(INPUT RECORDS begins)

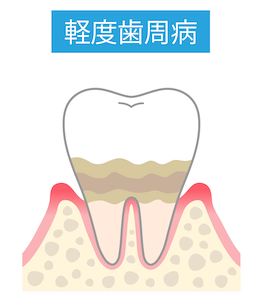 第二段階／軽度歯周炎
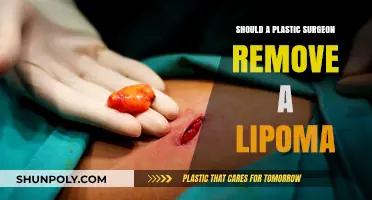 Should Plastic Surgeons Remove Lipomas? Expert Insights and Considerations
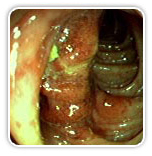 Inflammatory Bowel Disease offers info on Inflammatory Bowel Disease Treatment   India, IBD India, Intestinal Bacteria May Offer Inflammatory Bowel Disease Treatment India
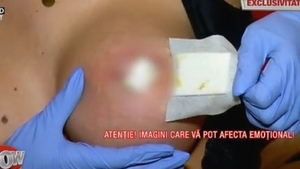 Drama Mădălinei-Beyonce de România, după implantul cu silicon. ”Mi-a căzut mamelonul, iar sânul mi se macină pe zi ce trece”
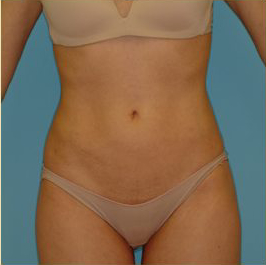 Liposuction Before & After Patient #473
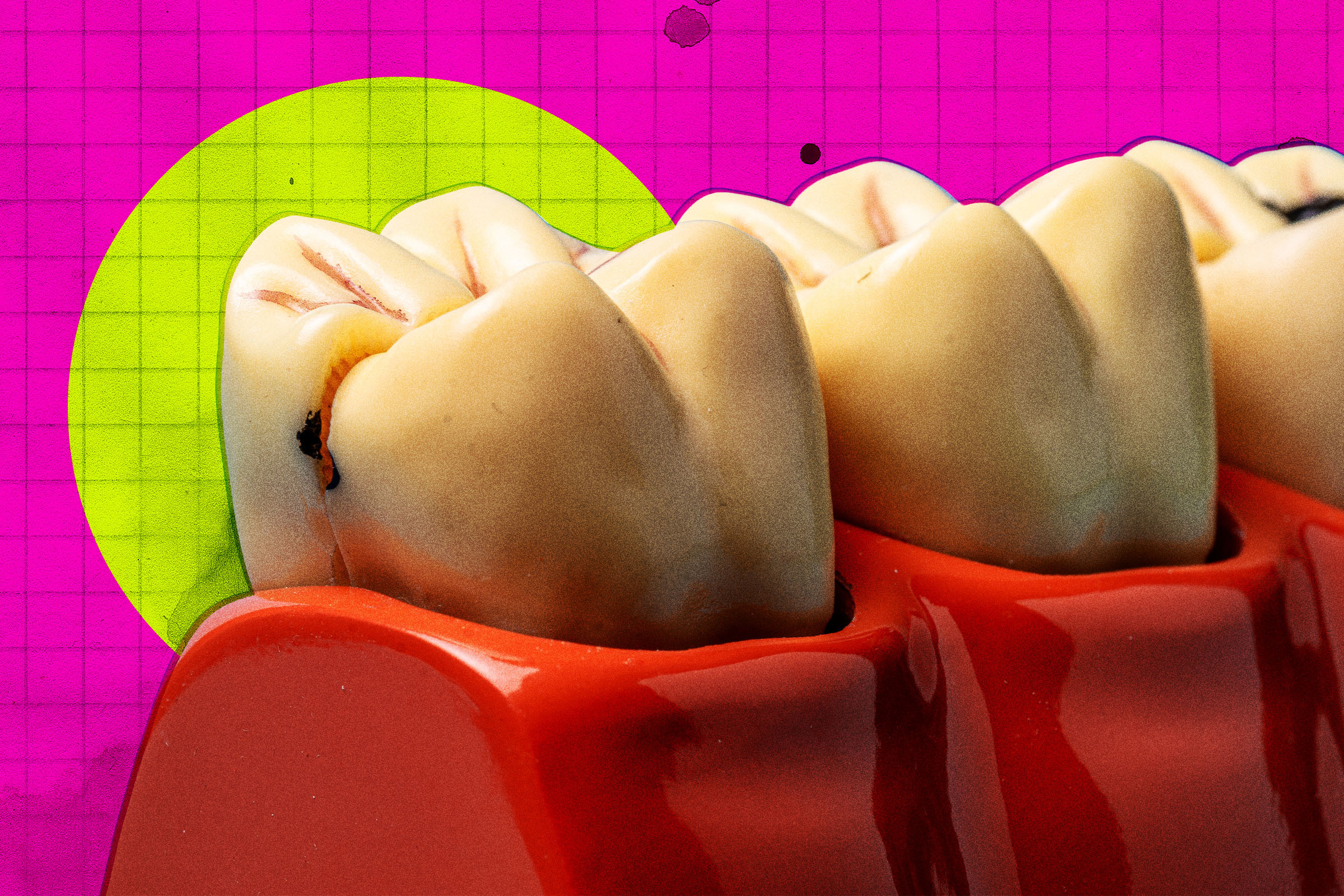 Plans Accelerated for Human Trials of Tooth Regeneration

(INPUT RECORDS ends)

#### ACTION ITEM
Above are the records. Copy word for word only their lines from the one holding "Inflammatory Bowel Disease offers" through the one holding "Drama Mădălinei-Beyonce de", both included, and skip the images.

#### ANSWER BELOW
 Inflammatory Bowel Disease offers info on Inflammatory Bowel Disease Treatment   India, IBD India, Intestinal Bacteria May Offer Inflammatory Bowel Disease Treatment India
 Drama Mădălinei-Beyonce de România, după implantul cu silicon. ”Mi-a căzut mamelonul, iar sânul mi se macină pe zi ce trece”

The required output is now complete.